A liberdade de imprensa na Venezuela é absoluta. Na verdade, a liberdade que havia para falar do governo naquele país, até algum tempo atrás, não era apenas de criticar, mas de insultar e caluniar pesadamente o presidente da República. Afirmo a vocês que, faz alguns anos, estive na Venezuela e assisti, na tevê, programa em que o presidente constitucional do país foi chamado de “pedófilo”, de “homossexual”, de “drogado” etc. Não conheço nenhuma democracia no mundo em que se possa falar assim do governante do país. Diante daquela situação absurda, portanto, o governo venezuelano conseguiu aprovar uma lei que penaliza calúnias e insultos desse jaez. Nada demais. Não foi por outro motivo, pois, que estive na Venezuela faz pouco mais de dois meses e constatei o grande volume de ataques e críticas que Hugo Chávez continua recebendo na mídia. O que acontece na Venezuela, no entanto, é que por lá o governo tem como reagir com a mídia que criou para o Estado para enfrentar a mídia privada. Sendo assim, todas as noites tevês estatais e privadas travam uma verdadeira guerra. A “Globovisión”, por exemplo, que é privada, engalfinha-se com a “Venezolana de Televisión” (VTV) diariamente. Quando estive naquele país, recentemente, a “Globovisión” estava promovendo um cerco à casa de um ministro de Estado, dando-se ao luxo de telefonar para a casa dele durante à noite e colocar a chamada telefônica no ar, em horário nobre, tecendo depois vários comentários desairosos sobre o ministro.
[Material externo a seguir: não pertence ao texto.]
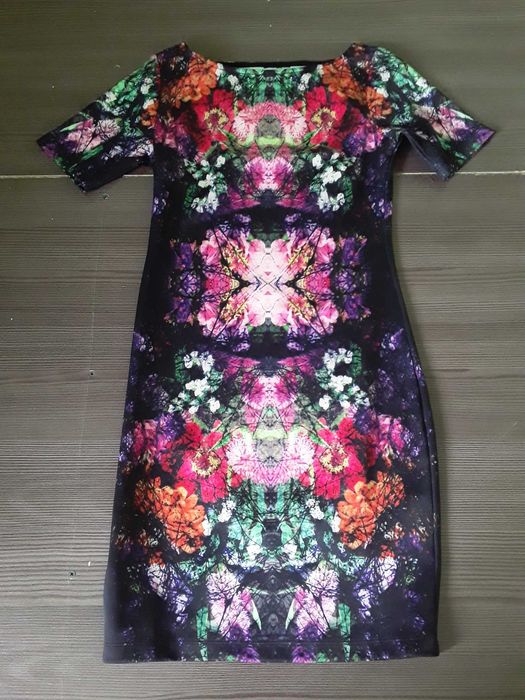 Продам платья размер 42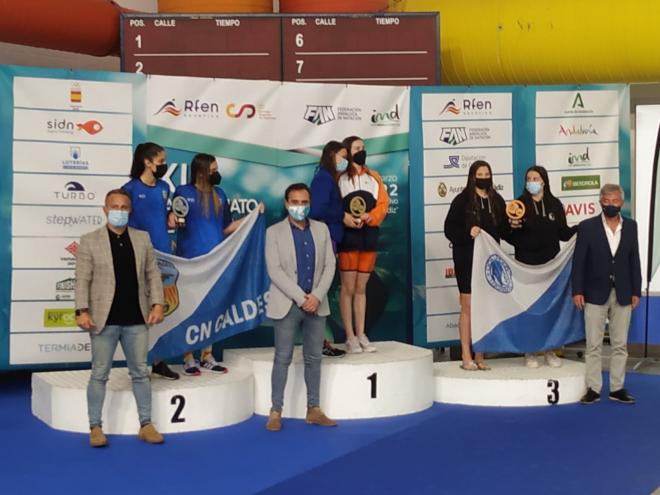 Podio por clubs en el Campeonato de España infantil de invierno de natación (Foto: FAN).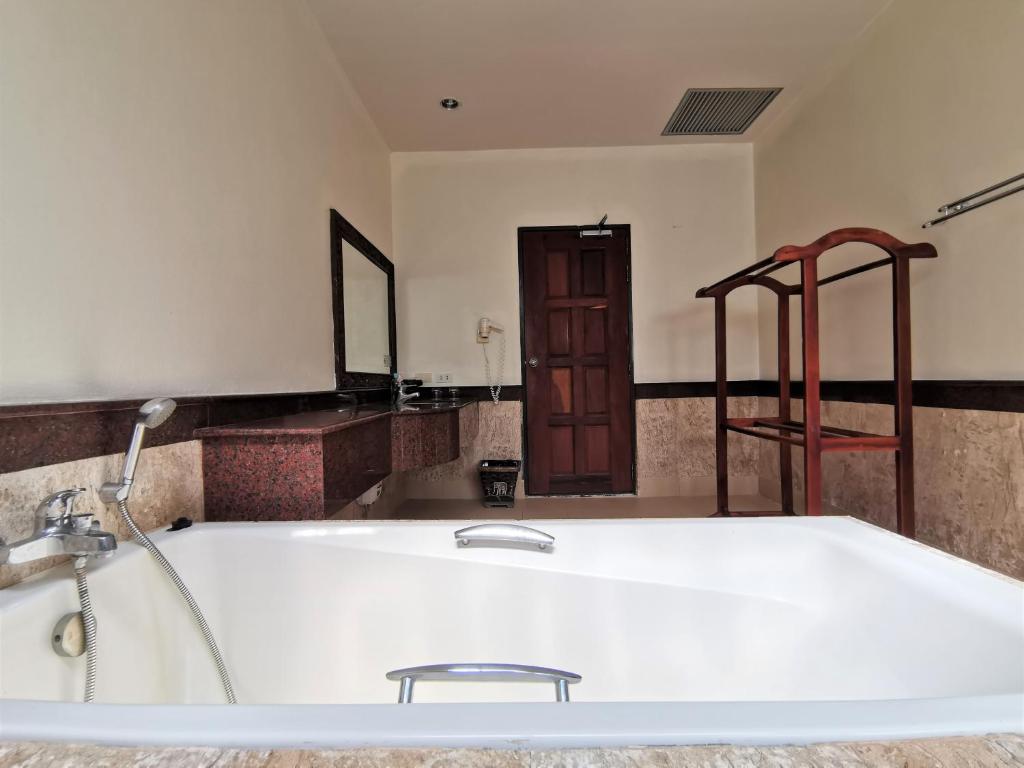 Holiday Villa, Lanta Holiday Villa, Lanta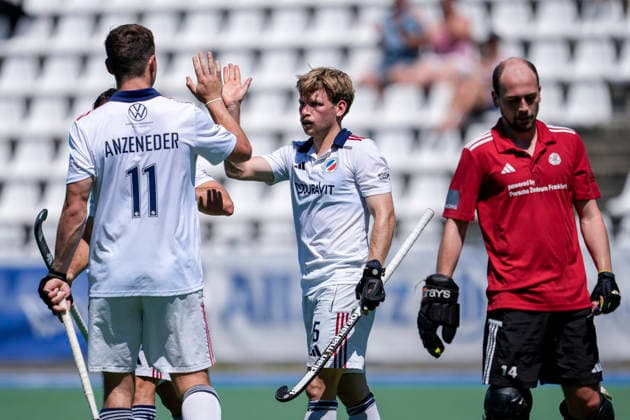 v.li.: Jossip Anzeneder (MHC, 11), Torschütze Linus Müller (MHC, 5), Spieler vom Mannheimer HC (MHC), jubeln über das Tor zum 5:2, Jubel, Torjubel, Torerfolg, celebrate the goal, goal, celebration, jubelt ueber das Tor, Freuen, Freude, freut sich, optimistisch, positiv, Spielszene, Highlight, Action, Aktion, 23.05.2026, Mannheim (Deutschland), Hockey, Bundesliga, Play-down, Herren, Mannheimer HC - SC Frankfurt 1880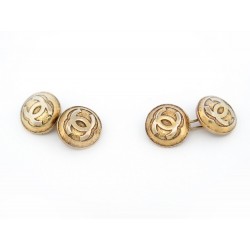 VINTAGE BOUTONS DE MANCHETTE CHANEL LOGO CC EN METAL DORE GOLDEN METAL EARRINGS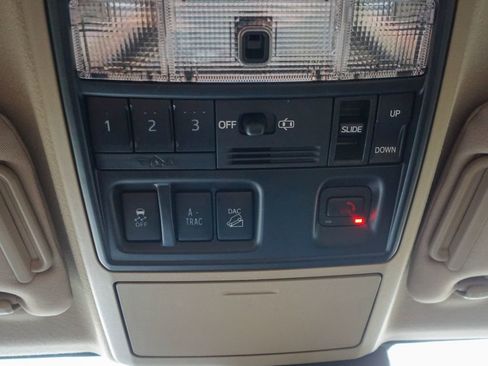 Used 2020 Toyota 4Runner SR5 image 29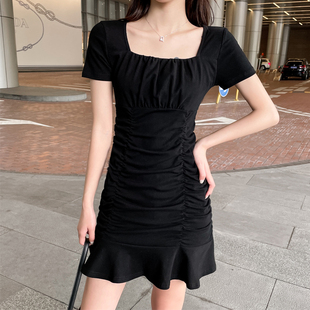 黑色连衣裙2024女春秋鱼尾裙包臀收腰荷叶，边性感小黑裙高级感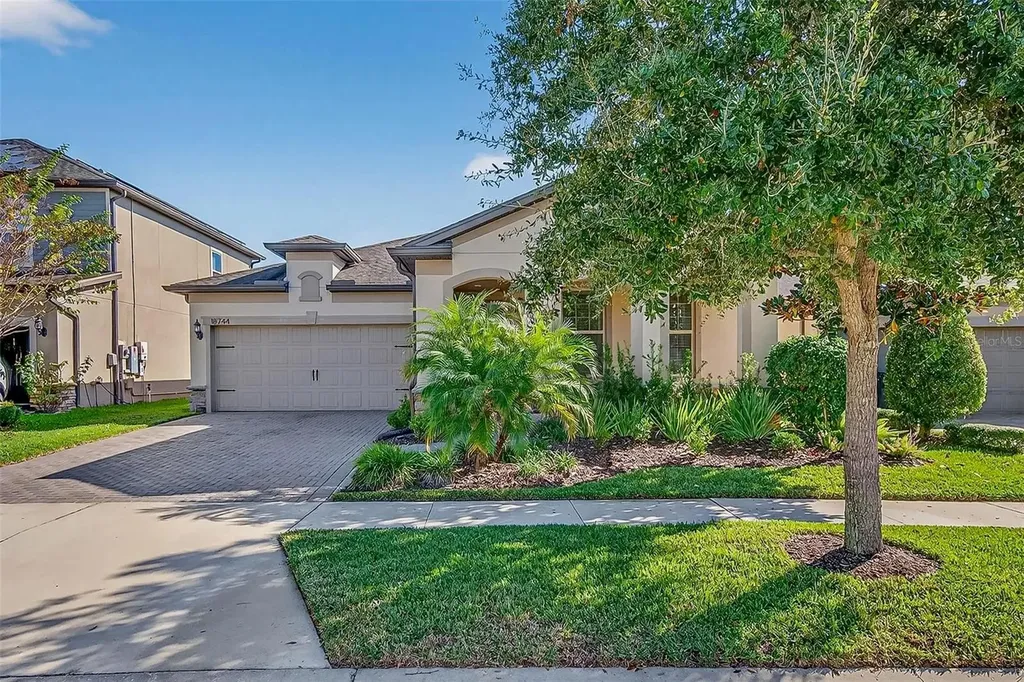 18744 Birchwood Groves Drive Lutz FL 33558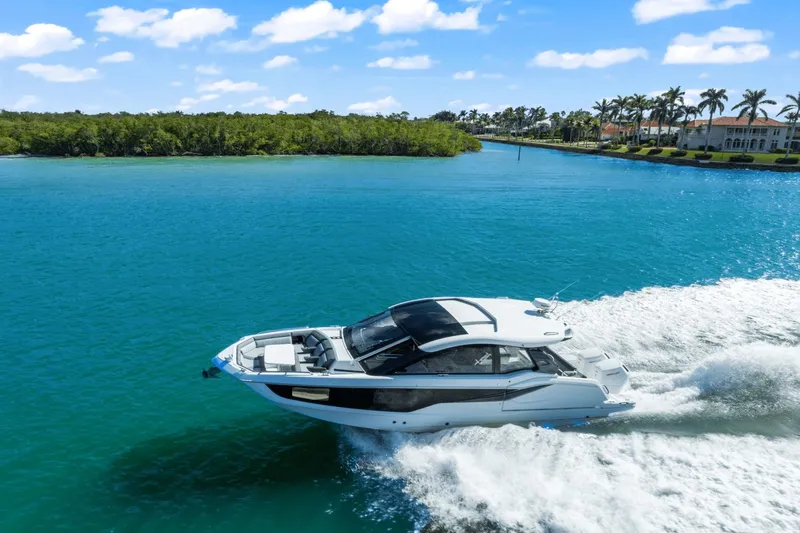 Slide: The Image of Galeon 375 GTO 2025 - 16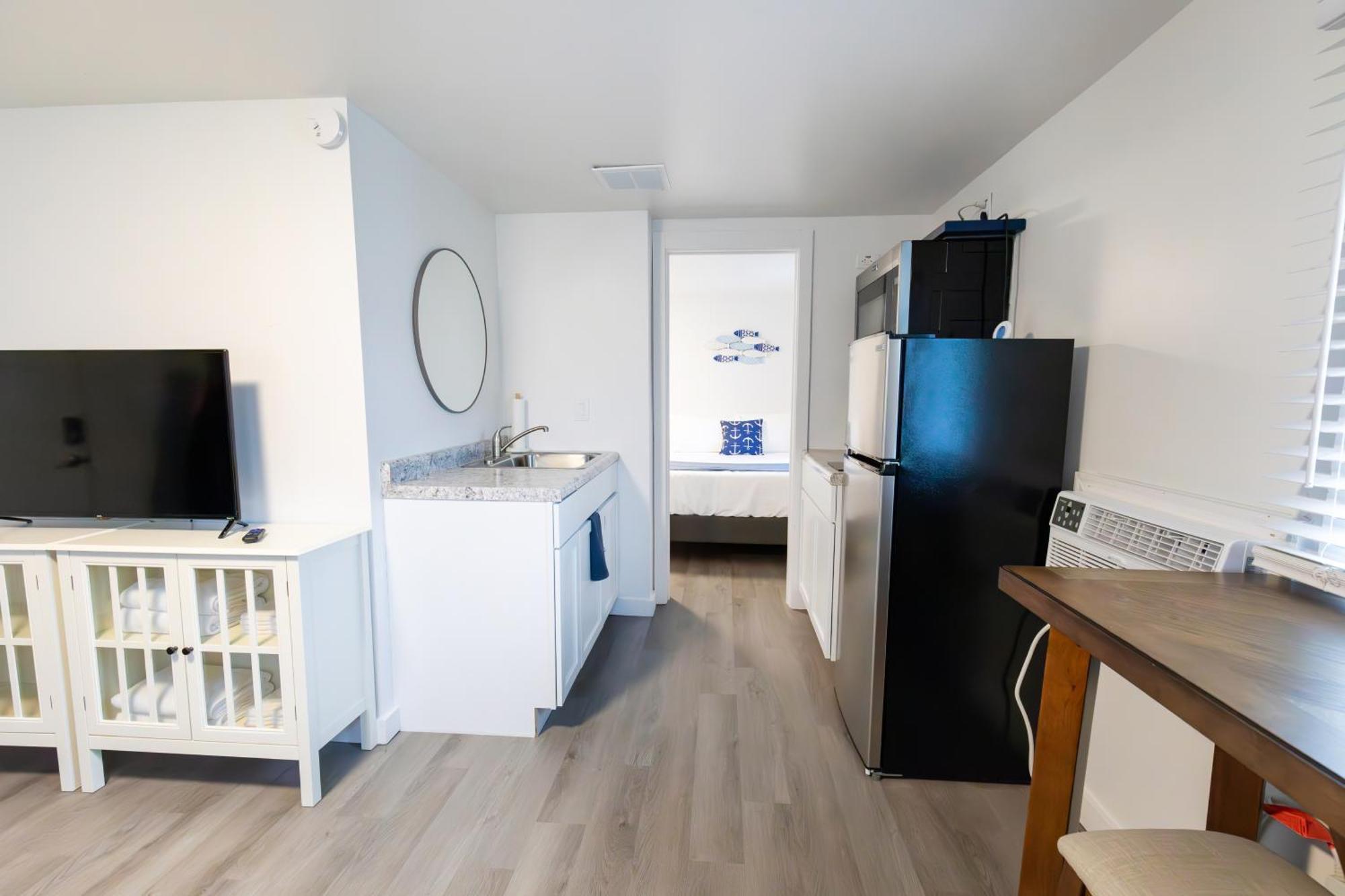 Anchor Bay Inn And Suites Sandusky Buitenkant foto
E como se não bastasse isso, Chávez, eternamente acusado de manipular eleições apesar dos observadores internacionais que sempre referendaram todas as eleições naquele país, aceitou o resultado do último grande processo eleitoral venezuelano (um plebiscito sobre reforma constitucional) sem qualquer questionamento, apesar ter perdido, enquanto que a oposição a ele jamais aceitou a legitimidade das eleições que perdeu.
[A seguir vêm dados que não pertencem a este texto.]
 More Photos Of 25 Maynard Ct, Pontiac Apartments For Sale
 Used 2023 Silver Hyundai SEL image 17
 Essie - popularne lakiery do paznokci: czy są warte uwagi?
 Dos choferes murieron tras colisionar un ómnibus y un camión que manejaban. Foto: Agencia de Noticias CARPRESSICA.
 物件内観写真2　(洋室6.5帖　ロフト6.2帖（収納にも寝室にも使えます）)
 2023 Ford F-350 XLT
Já sobre a Bolívia, a mídia desinforma os brasileiros dizendo que a constituição que Evo Morales quer que seja referendada pelo povo foi “aprovada por constituintes governistas”, como se tal aprovação tivesse sido feita com exclusão da oposição, como se esta tivesse sido impedida de participar do processo constituinte, sendo que, na verdade, essa oposição retirou-se voluntariamente da sessão da assembléia constituinte que aprovou o novo texto constitucional.
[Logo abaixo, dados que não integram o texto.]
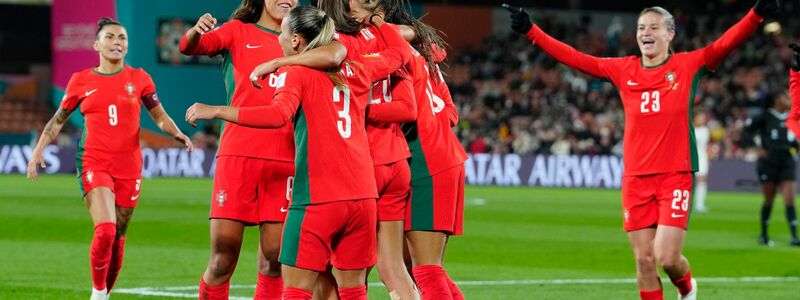 Die Frauen Portugals siegten problemlos gegen Vietnam. - Foto: Abbie Parr/AP/dpa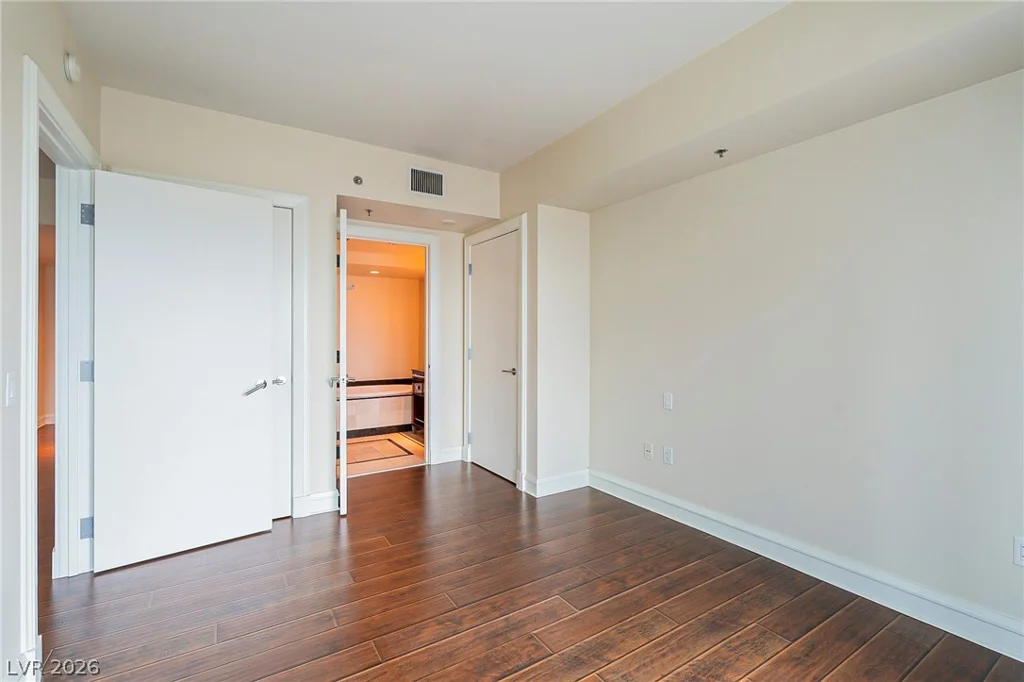 2700 Las Vegas, Las Vegas, NV 89109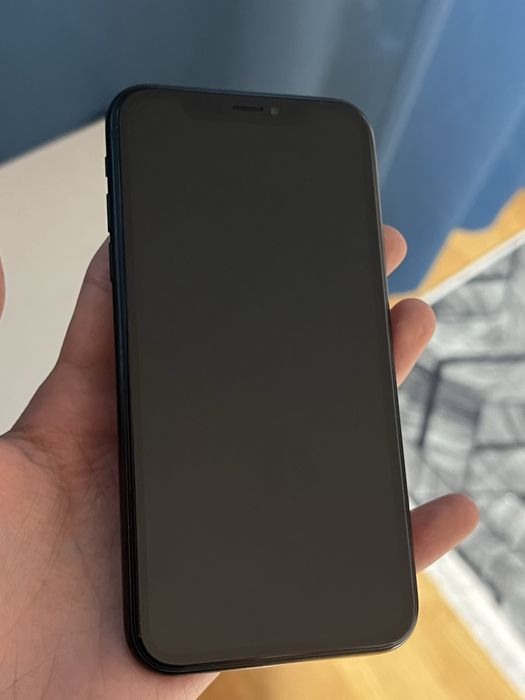 iphone xr, baterie 83%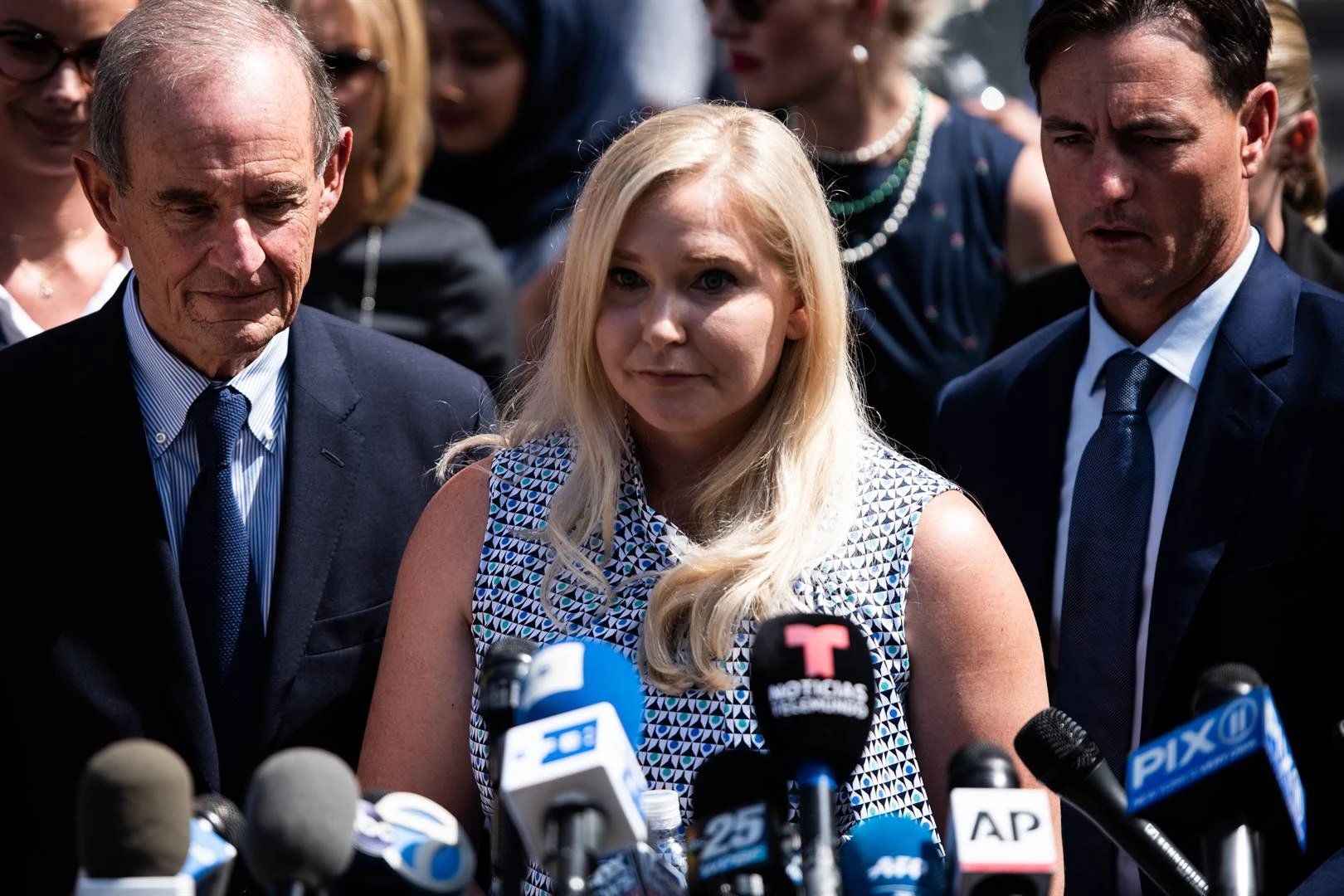 Virginia Giuffre, een van Jeffrey Epstein se slagoffers, sterf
Grandes conglomerados de mídia, aqui e em toda parte, constituem-se hoje, como ontem – e como anteontem –, em meios de desinformação, em ferramentas para se fazer prevalecer mentiras, para ocultar fatos essenciais para que o público possa tomar decisões fundamentadas em diversas áreas, sobretudo na área política. Na questão do acesso a informações corretas e amplas sobre questões cruciais, porém, a humanidade apenas começa a sair de uma era medieval, de uma era de trevas no conhecimento que durou milhares de anos, até que surgisse uma ferramenta extraordinária para a Democracia como é a internet, que, ainda que timidamente, começa a soterrar práticas medievais das aristocracias mundiais de impedirem as massas de saberem o que não queriam que soubessem. É o começo do fim da Idade Média na mídia.



Que época para se viver, que privilégio podermos participar dessa revolução humana, dessa superação histórica da escuridão do conhecimento que está acontecendo mundialmente graças à tecnologia, o que mostra que a humanidade continua achando seu caminho para, ao fim de ciclos que às vezes duram séculos e até milênios, ir solucionando seus problemas mais dramáticos.